When it came to pushing etc, he didn't know what to do to help. And I couldn't explain at that stage. So he couldn't hold up my leg that the MW wanted up in between contractions and as I couldn't keep it up anymore myself on my side, MW made me go onto my back lying down (last place I had wanted to be). He just wasn't able to be my advocate. But he did get so excited when he found a facecloth in the bag and wetted it to mop my head (he thought I had it for later washing - didn't realise that was the original intention when I packed). And he was very encouraging talking to me when we were talking and during pushing (and he DID realise to shut up a lot). And he DIDN'T tell me that there were loads of concerned faces about the room (DD was getting into distress and not coming out - but she came out under her and my own steam just before the main posse arrived in), just kept up the positive encouragement.
And he was so proud of me afterwards!! That was great. I think he'd thought it would be "just like the movies", and not that painful.
We've pretty much decided to stick with 1, but if there was another, I think he'd be a much better advocate next time. But even just as a quiet supportive presence he was great for me, and he kept it all positive rather than bringing any negatives or fear into it.
Thanks for your replies, I am reassured to hear that many men make it through alive!
He will be fine i'm sure as long as he stays up the head end and no one tries to get him to cut the cord........
I was very worried as DH almost fainted
and had the student midwives running round after him at an antenatel appointment where they....shock horror....took my blood pressure!

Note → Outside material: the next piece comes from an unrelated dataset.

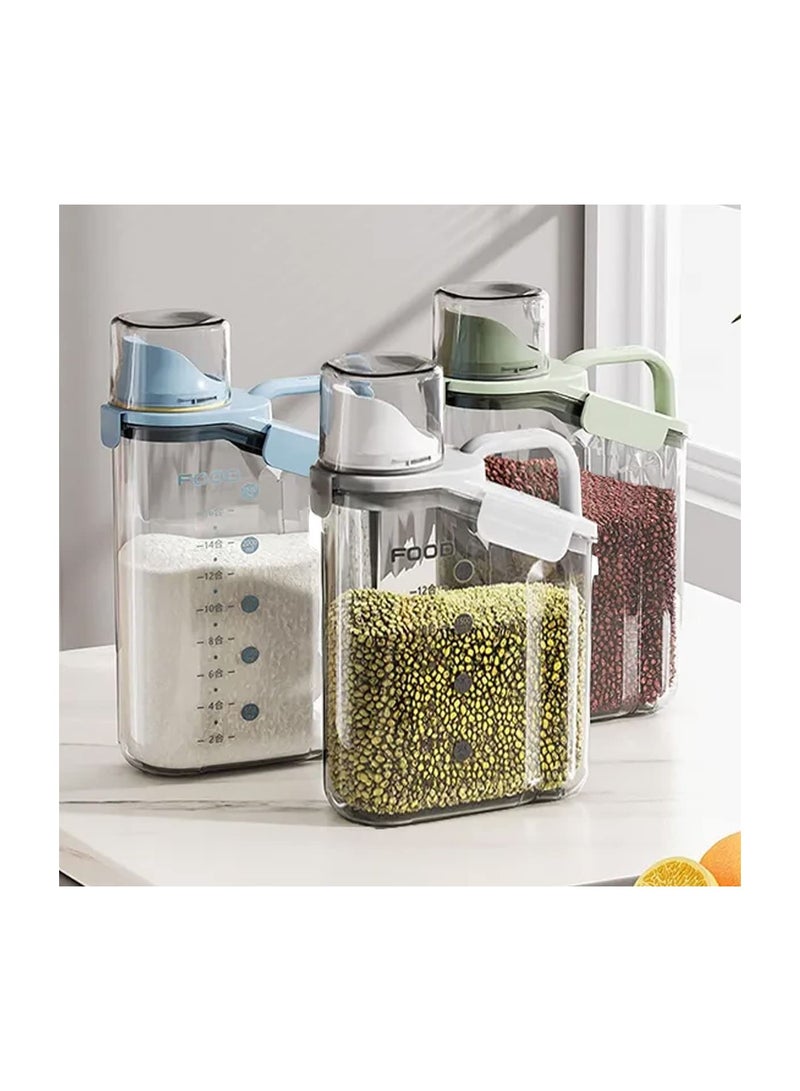 Reko 3Pcs Cereal Containers Set | Premium Quality 2.8L / 2.8KG Capacity Airtight Food Storage Container | BPA Free Plastic Rice Storage Bin/Dispenser + Measuring Cup & Pour Spout - Image 1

Anyway i was concerned that he would be a fainting nelly during my labour so got a second birth partner with a strong stomach.
As it turned out he was fab! I was induced so lots of needles, monitoring, internals, etc and ended up in an emcs. He was so good through it all
Will definitely have 2 birth partners next time though anyway...was v helpful!
Haha my DH is soooooo squeamish and hates the site of blood I was so worried about how he would be during my delivery!
Actually he was amazing, we had a rule that he would not go down the goal end!
Our MW was great she gave him the job of making sure I had a drink and helping to keep me calm by just talking to me,
I really think this helped him, I think the worst part for him was seeing me in pain and not being able to make me feel better,
I remember he left the room on 2 occasions only for a minute or 2 , I never questioned why at the time, but he told me afterwards he needed take a moment to catch his breath as he felt sick,
As soon as he returned though he was great.
I remember being so proud of him! (sounds stupid I know, but it was such a fear for him that he'd be useless during the labour)
My biggest shock was when the MW asked him if he wanted to cut the cord......... And he did!!!!
Dh was amazing, he fanned and gave me water, was completely in charge of breathing/contractions. Didn't gag when I pooped (tmi sorry) & didn't faint at the blood, which was a concern.
He was my rock & I couldn't have got through it without him.
This time he is in charge again but with strict instructions not to let anyone near me with a scalpel - no episiotomy unless it's completely essential thank you.